We’re a few months away from the filing deadline, but what you do now can make a big difference on your tax bill. Barry Glassman, certified financial planner, joins us to discuss what tax moves you should make now.
“For the first time in a long time, we know what’s likely to be the tax brackets and rules for next year,” says Glassman. The past couple years there have been rules expring and tax brackets expiring and all kinds of different things. This year is kind of easier, due to less congressional noise.”
1. 25 percent of all charitable donations occur during the winter holidays. That means you still have time to get that deduction! And here’s one quick tip, consider donating stock in lieu of money: “Tax payers need to know there’s an advantage to donating appreciated securities,” says Glassman. “Let’s say you bought a stock or mutual fund during the downturn, and it’s appreciated substantially.

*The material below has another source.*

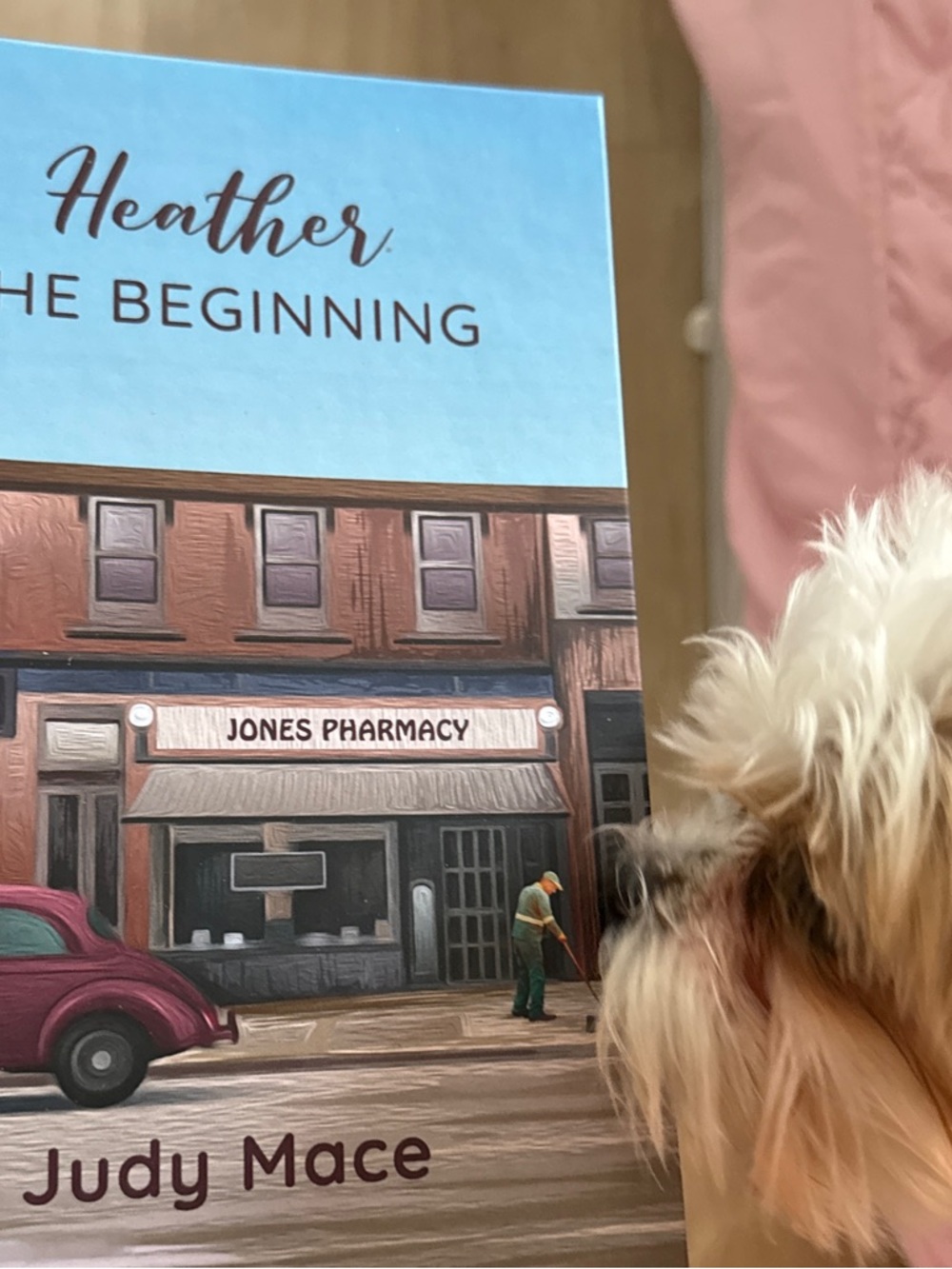 Heather The Beginning. The sequel to my first two  books and the Heather series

If you sold today you’d realize a capital gain [and be subject to taxes on those gains], but if you donate that sock or mutual fund, you get the full market value of the donation, and the charity gets to sell it and not pay the tax.”
Retirement Account Contributions
According to Glassman, there are two things people should look at outside of the basic tips like maxing out your IRA:
2. “For everyone turning 50 next year, they should consider the fact they can contribute a bit more with catch-up contributions. For those people who are mature enough to handle the extra $5,500 of contributions, they can go ahead and put that in place,” Glassman says. Make sure you speak with someone to maximize contributions. Some assume deductions will automatically max-out if that’s the option they chose when they first signed up for their retirement plan.
3. If you are self-employed and own a SEP, you might want to switch an individual-K. Basically, it’s a personal 401k plan for people that are self-employed. IndividualK.com is a great resource to calculate how much you should be contributing.
4. Take a look at your portfolio and re-assess stocks that lost value. According to Glassman, “It makes sense to sell [losing stocks] before year-end. Those losses can help offset the capital gains that were realized, even [if they occured] earlier in the year.”
5. Glassman suggests using tax preparation software like TurboTax for basic returns, but turning to a tax professional if you need more guidance or might be moving to a new tax bracket next year. A tax professional can walk you through potential savings on retirement accounts and suggest other ideas that can add up in the long-run.